TypeError: Couldn't cast array of type int64 while mapping the dataset

I am trying to finetune LayoutLMV2 model for document image classification but in preprocessing stage I am getting error. Can some one please help me in fixing the error.

dataset = Dataset.from_pandas(df_copy)
    features: ['Image_File_Path', 'Label'],
    num_rows: 12

this is the code

# we need to define custom features
path = './Image FIle/'

features = Features({
    'image': Array3D(dtype="int64", shape=(3, 224, 224)),
    'input_ids': Sequence(feature=Value(dtype='int64')),
    'attention_mask': Sequence(Value(dtype='int64')),
    'token_type_ids': Sequence(Value(dtype='int64')),
    'bbox': Array2D(dtype="int64", shape=(512, 4)),
    'labels': Sequence(Value(dtype='int64')),

def preprocess_data(examples):
  # take a batch of images
  images = [Image.open(os.path.join(path, file)).convert("RGB") for file in examples['Image_File_Path']]
  encoded_inputs = processor(images, padding="max_length", truncation=True)
  # add labels
  encoded_inputs["labels"] = [label2id[label] for label in examples["Label"]]
  return encoded_inputs

encoded_dataset = dataset.map(preprocess_data, remove_columns=dataset.column_names, features=features, batched=True, batch_size=2)

this is the error

**TypeError**: Couldn't cast array of type int64 to Sequence(feature=Value(dtype='int64', id=None), length=-1, id=None)

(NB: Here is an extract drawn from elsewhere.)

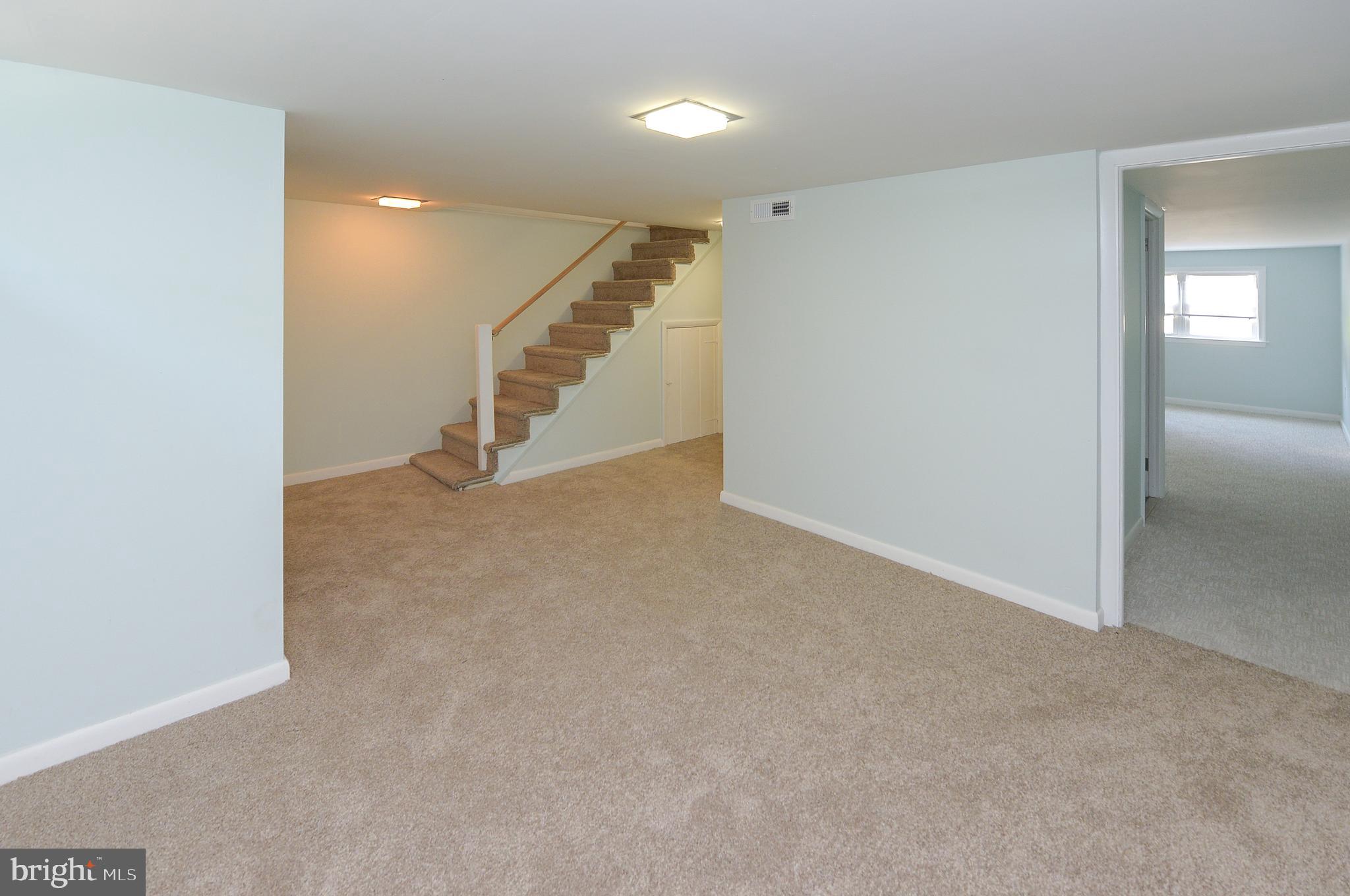 ROXBOROUGH - Residential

It seems like the cast fails on the labels column - preprocess_data returns a single label per example, so the correct feature type for it would be Value("int64").

Thanks for the guidance,
I change the code as you guided but still getting the same error can you please help me.

This is not what I meant. What I meant is that the value of the labels key in the features dictionary should be Value("int64") (not the current Sequence(Value("int64")) ).

Thanks for the reply,
This is what I did in the data frame it is int64 but when I load the data frame to huggingface dataset it is showing int.
Can you please guide me what to do next.

I know this is very old question but still answering it. When I got same error I came here but not resolved error from this thread. After review few notebooks I resolved error.

Try this:

from datasets import Features, Sequence, ClassLabel, Value, Array2D, Array3D

# we need to define custom features
features = Features({
    'pixel_values': Array3D(dtype="float32", shape=(3, 224, 224)),
    'input_ids': Sequence(feature=Value(dtype='int64')),
    'attention_mask': Sequence(Value(dtype='int64')),
    'bbox': Array2D(dtype="int64", shape=(512, 4)),
#     'labels': ClassLabel(num_classes=len(labels), names=labels),
def prepare_examples(examples):
    images = [Image.open(path).convert("RGB").resize(size=(224,224)) for path in examples['image_path']]
    words = examples[text_column_name]
    boxes = examples[boxes_column_name]
    word_labels = [[label2id[label]] for label in examples["label"]]
    encoding = processor(images, words, boxes=boxes,word_labels=word_labels,
                       truncation=True, padding='max_length')

It worked for me. My labels were in string from the start so I used dict label2id to convert string to number and storing into list. As I am using dict I am mentioning ClassLabel in labels.